You are viewing a plain text version of this content. The canonical link for it is here.
Posted to user@spark.apache.org by John Zhao <jz...@alpinenow.com> on 2014/01/15 19:25:09 UTC
Anyone know hot to submit spark job to yarn in java code?
Now I am working on a web application and I want to submit a spark job to hadoop yarn.
I have already do my own assemble and can run it in command line by the following script:
export YARN_CONF_DIR=/home/gpadmin/clusterConfDir/yarn
export SPARK_JAR=./assembly/target/scala-2.9.3/spark-assembly-0.8.1-incubating-hadoop2.0.5-alpha.jar
./spark-class org.apache.spark.deploy.yarn.Client --jar ./examples/target/scala-2.9.3/spark-examples-assembly-0.8.1-incubating.jar --class org.apache.spark.examples.SparkPi --args yarn-standalone --num-workers 3 --master-memory 1g --worker-memory 512m --worker-cores 1
It works fine.
The I realized that it is hard to submit the job from a web application .Looks like the spark-assembly-0.8.1-incubating-hadoop2.0.5-alpha.jar or spark-examples-assembly-0.8.1-incubating.jar is a really big jar. I believe it contains everything .
So my question is :
1) when I run the above script, which jar is beed submitted to the yarn server ?

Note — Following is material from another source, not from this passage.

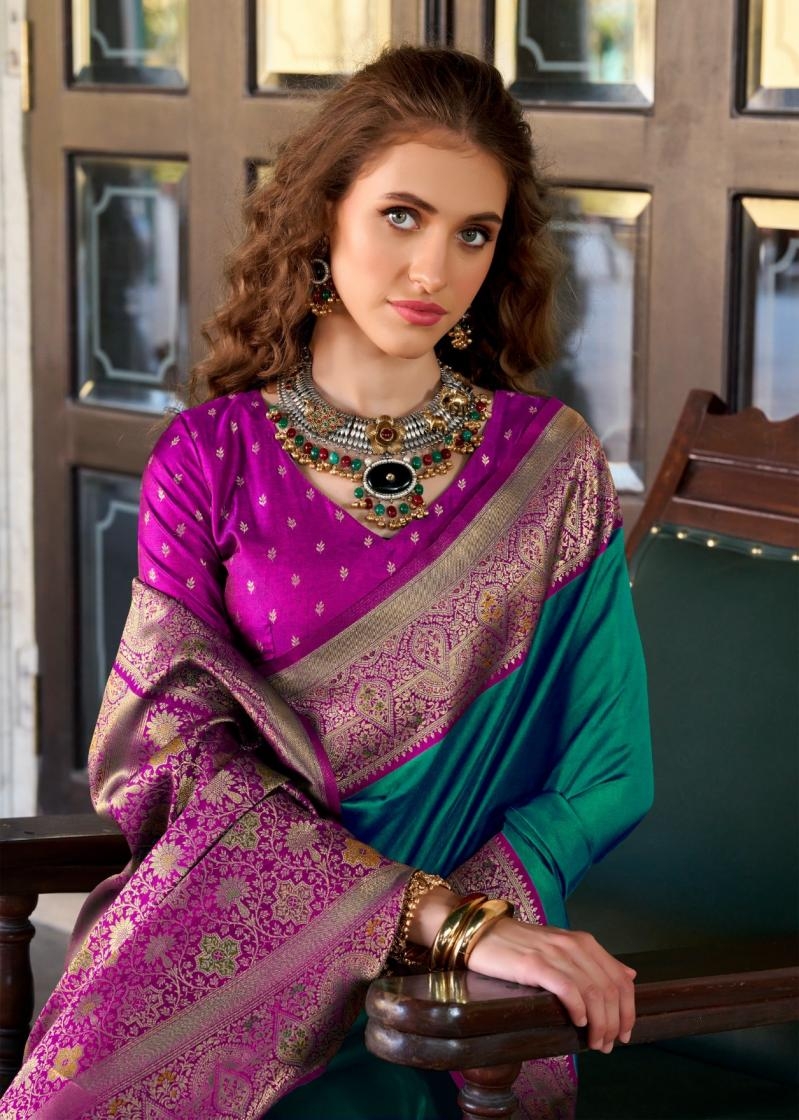 rajpath launch chandan silk series 386 to 393 soft silk traditional sarees in wholesale surat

2) It loos like the spark-assembly-0.8.1-incubating-hadoop2.0.5-alpha.jar plays the role of client side and spark-examples-assembly-0.8.1-incubating.jar goes with spark runtime and examples which will be running in yarn, am I right?
3) Does anyone have any similar experience ? I did lots of hadoop MR stuff and want follow the same logic to submit spark job. For now I can only find the command line way to submit spark job to yarn. I believe there is a easy way to integration spark in a web allocation.
Thanks.
John.
Re: Anyone know hot to submit spark job to yarn in java code?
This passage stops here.